• [Exercise] Repeat the data exactly, please.

• [Material for the task]
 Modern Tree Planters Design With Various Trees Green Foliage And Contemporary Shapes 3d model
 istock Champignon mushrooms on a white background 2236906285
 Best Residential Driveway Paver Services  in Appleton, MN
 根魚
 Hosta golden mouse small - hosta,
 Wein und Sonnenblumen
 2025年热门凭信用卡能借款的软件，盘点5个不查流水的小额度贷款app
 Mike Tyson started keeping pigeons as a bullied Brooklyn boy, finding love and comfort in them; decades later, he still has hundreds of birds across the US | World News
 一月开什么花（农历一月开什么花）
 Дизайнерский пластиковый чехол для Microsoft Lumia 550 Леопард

• [Answer section]
 Modern Tree Planters Design With Various Trees Green Foliage And Contemporary Shapes 3d model
 istock Champignon mushrooms on a white background 2236906285
 Best Residential Driveway Paver Services  in Appleton, MN
 根魚
 Hosta golden mouse small - hosta,
 Wein und Sonnenblumen
 2025年热门凭信用卡能借款的软件，盘点5个不查流水的小额度贷款app
 Mike Tyson started keeping pigeons as a bullied Brooklyn boy, finding love and comfort in them; decades later, he still has hundreds of birds across the US | World News
 一月开什么花（农历一月开什么花）
 Дизайнерский пластиковый чехол для Microsoft Lumia 550 Леопард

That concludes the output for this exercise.